Researchers have developed a new physics-informed AI framework that predicts in-process distortion in metal additive manufacturing (AM) in real time, paving the way for adaptive control and digital twins in complex builds, tells this 3D Printing Industry article.
Traditional numerical simulation methods such as finite-element analysis offer accurate predictions of thermal stress and deformation, but they are too slow to run live during a print. Data-driven machine-learning models, meanwhile, often lack physical interpretability or struggle to capture the coupling between thermal history and mechanical stress.
The new method, named PIDeepONet-RNN, combines a neural-operator architecture with embedded physics constraints. It takes temperature history as input and predicts z– and y-direction distortions up to 15 seconds into the future. By encoding the heat-conduction equation as a soft constraint, the model stays physically consistent, avoids unphysical artifacts, and gives interpretable results tied to thermal history and stress evolution, not just black-box outputs.
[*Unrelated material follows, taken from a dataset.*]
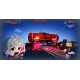 Blood High! PC Steam CD Key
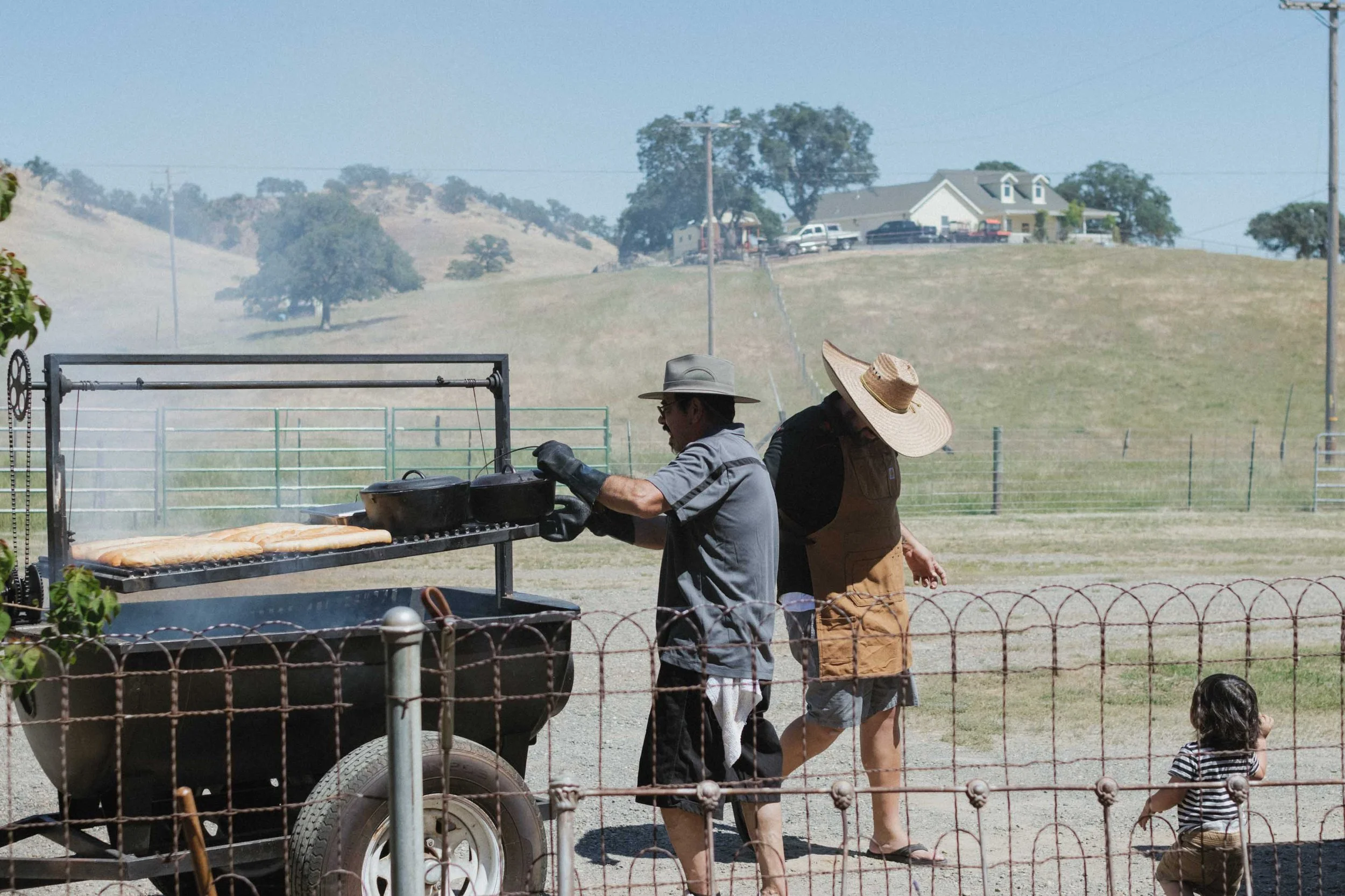 Mijos Oak Branding-6912.jpg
In testing, the model achieved high accuracy: maximum absolute errors of under 1 millimeter in the z-direction and ~0.2 millimeter in the y-direction, even over extended horizons.
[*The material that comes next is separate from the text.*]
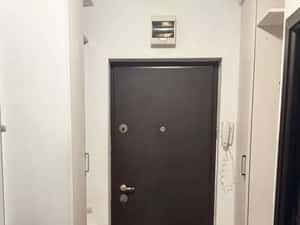 AP. 2 CAMERE- COLENTINA, PET-FRIENDLY, PARCARE INCLUSA, CENTRALA — miniatura 5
Because inference is fast enough for real-time use, the framework can integrate with digital-twin systems, enabling predictive monitoring, adaptive control of print parameters, and early detection of potential defects or distortions before they irreversibly form.
For engineers and manufacturers, this promises a shift from post-process inspection or slow simulation-based prechecks to live distortion control, improving yield, reducing scrap, and paving the way for more reliable, complex metal AM components.